[Records from a data source]
────
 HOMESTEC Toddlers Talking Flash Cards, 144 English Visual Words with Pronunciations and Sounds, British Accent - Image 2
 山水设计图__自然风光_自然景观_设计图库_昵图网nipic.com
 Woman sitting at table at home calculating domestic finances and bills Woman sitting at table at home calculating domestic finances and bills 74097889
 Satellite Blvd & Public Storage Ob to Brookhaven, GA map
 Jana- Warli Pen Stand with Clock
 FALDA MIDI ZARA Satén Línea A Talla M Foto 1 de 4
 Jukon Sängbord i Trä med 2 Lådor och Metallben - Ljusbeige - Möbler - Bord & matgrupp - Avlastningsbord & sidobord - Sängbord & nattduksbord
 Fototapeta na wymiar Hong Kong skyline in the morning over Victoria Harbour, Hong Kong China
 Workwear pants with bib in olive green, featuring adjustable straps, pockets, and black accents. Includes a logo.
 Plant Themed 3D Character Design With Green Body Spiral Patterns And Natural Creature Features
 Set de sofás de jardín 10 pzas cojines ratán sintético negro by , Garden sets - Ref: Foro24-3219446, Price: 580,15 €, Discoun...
────
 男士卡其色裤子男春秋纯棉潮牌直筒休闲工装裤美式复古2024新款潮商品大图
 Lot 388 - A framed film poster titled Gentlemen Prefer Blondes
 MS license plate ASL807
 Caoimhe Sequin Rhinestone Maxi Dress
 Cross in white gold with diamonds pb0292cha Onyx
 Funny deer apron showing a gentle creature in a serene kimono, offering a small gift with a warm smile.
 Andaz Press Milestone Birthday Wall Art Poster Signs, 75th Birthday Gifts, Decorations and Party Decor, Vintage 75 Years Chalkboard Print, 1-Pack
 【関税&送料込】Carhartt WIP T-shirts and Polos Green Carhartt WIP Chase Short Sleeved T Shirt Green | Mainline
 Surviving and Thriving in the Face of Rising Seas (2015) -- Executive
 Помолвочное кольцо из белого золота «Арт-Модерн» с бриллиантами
────
[What you need to do] Reproduce, character for character, only the lines of the preceding data that start at the line with "MS license plate ASL807" and end at the line with "Помолвочное кольцо из", both included.

[Task response]
 MS license plate ASL807
 Caoimhe Sequin Rhinestone Maxi Dress
 Cross in white gold with diamonds pb0292cha Onyx
 Funny deer apron showing a gentle creature in a serene kimono, offering a small gift with a warm smile.
 Andaz Press Milestone Birthday Wall Art Poster Signs, 75th Birthday Gifts, Decorations and Party Decor, Vintage 75 Years Chalkboard Print, 1-Pack
 【関税&送料込】Carhartt WIP T-shirts and Polos Green Carhartt WIP Chase Short Sleeved T Shirt Green | Mainline
 Surviving and Thriving in the Face of Rising Seas (2015) -- Executive
 Помолвочное кольцо из белого золота «Арт-Модерн» с бриллиантами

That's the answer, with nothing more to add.